Autoregressive Edge TTS: The Death of Traditional Neural Synthesis

[Active Research / Beta] Why autoregressive language models are replacing traditional neural text-to-speech pipelines, and how we are compressing models to 55M parameters.

Traditional neural text-to-speech (TTS) systems—including architectures like Tacotron, FastSpeech, and VITS—have reached their technological ceiling. These systems rely on neural regression to map input text sequences to static spectrogram coordinates, which are then passed to a neural vocoder. While computationally efficient, the resulting audio is acoustic flat: it lacks the micro-intonations, natural breathing patterns, laughter, and high-fidelity prosody that characterize human speech.

To cross the uncanny valley, speech synthesis is being reframed as a generative language modeling problem. By quantizing audio into discrete tokens (speech codes) using neural audio codecs like DAC or EnCodec, we can train a decoder-only Transformer to predict speech autoregressively. The result is a voice agent that chuckles, pauses to catch its breath, and naturally matches the cadence of conversation.

Shrinking the Transformer: 500M to 55M Parameters

Large autoregressive speech models usually range between 500M and 1B parameters, requiring significant server-side GPU resources. Running a 500M parameter model in a browser is impossible due to massive model download sizes and memory bandwidth constraints during autoregressive step generation.

We solve this constraint by compressing the model down to 55M parameters. By splitting the generation process into a small Autoregressive (AR) stage that only predicts the coarse audio token levels (the baseline acoustic features), and a non-autoregressive stage for fine-grained texture, we decrease model capacity requirements without losing voice quality.

"By focusing the autoregressive computation entirely on the primary coarse audio tokens, we achieve studio-grade speech generation within a 55M parameter budget."

Natively Compiling Speech Codecs for WebGPU

Once compressed, the model is compiled for client-side execution.
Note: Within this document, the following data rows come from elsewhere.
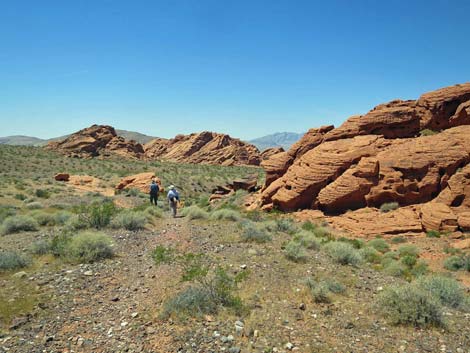 Redstone Dune Loop Trail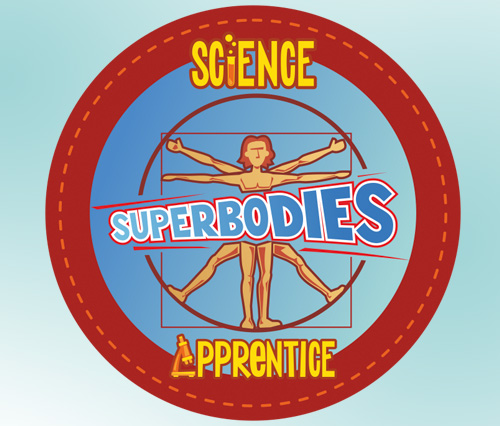 SUPERBODIES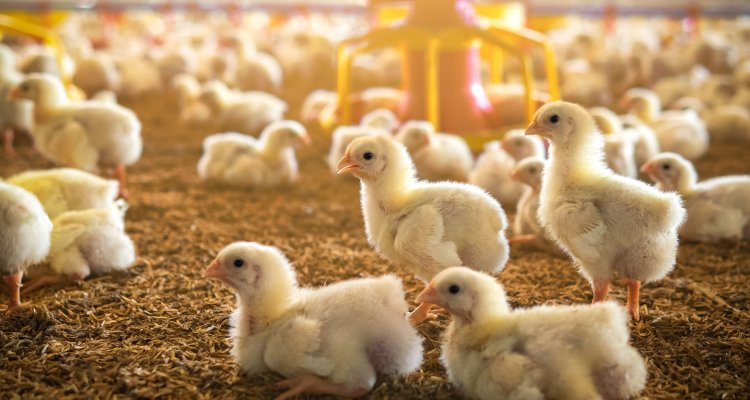Kuikens in de Nederlandse pluimee-industrie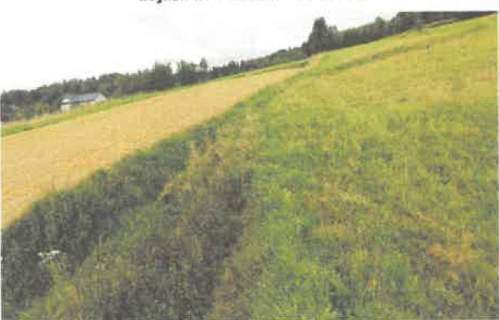 Działka rolna na sprzedaż, 5600 m2, Barycz
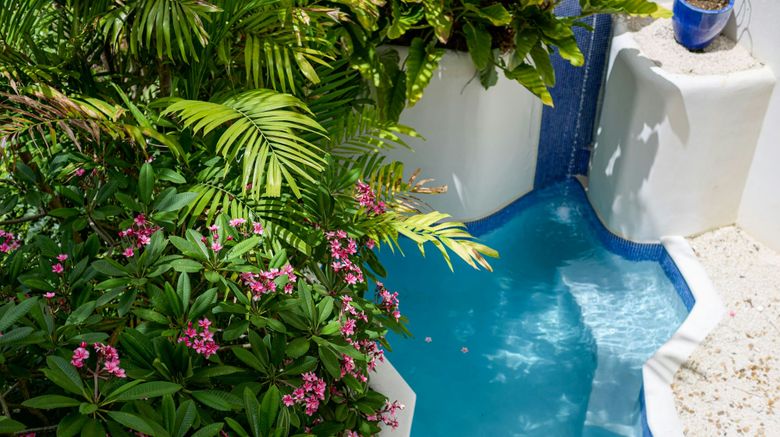 <b>The House Barbados Pool</b>. Images powered by <a href="https://www.leonardoworldwide.com/" title="Leonardo Worldwide" target="_blank">Leonardo</a>.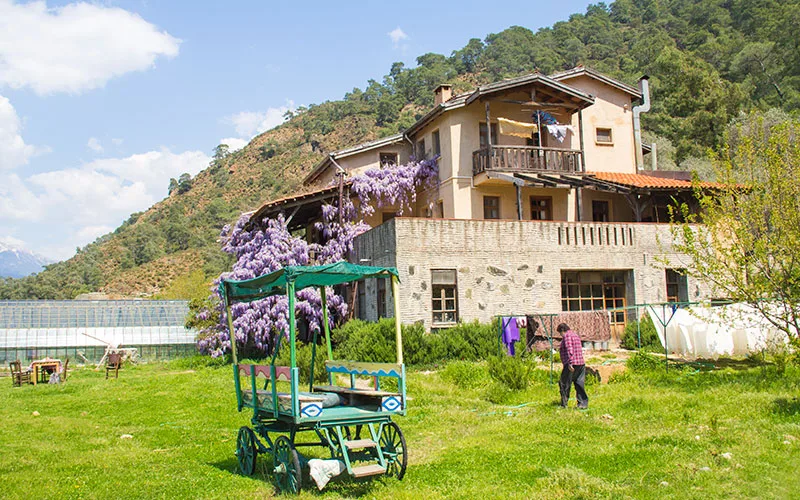 Pastoral-Vadi-Yaniklar-Koyu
Utilizing ONNX Runtime Web and WebGPU, the browser executes model inference directly on the client's hardware. Combined with INT4 quantization, the binary footprint is reduced to just 28MB, allowing it to download instantly over standard networks.

Executing the speech generation client-side eliminates server serialization overhead and network transfer times. This keeps first-byte speech latency under 90ms, delivering instant voice feedback that feels identical to human conversation. This architecture is currently in active research and developer Beta mode.

Dynamic Cache Re-use in Browser Contexts

To avoid redownloading the 28MB model binary on every page visit, we leverage browser Cache Storage API. The first time a user connects, the WebGPU shaders and model parameters are compiled and saved locally. Subsequent page loads resume instantly, enabling voice synthesis to start immediately upon connection initiation.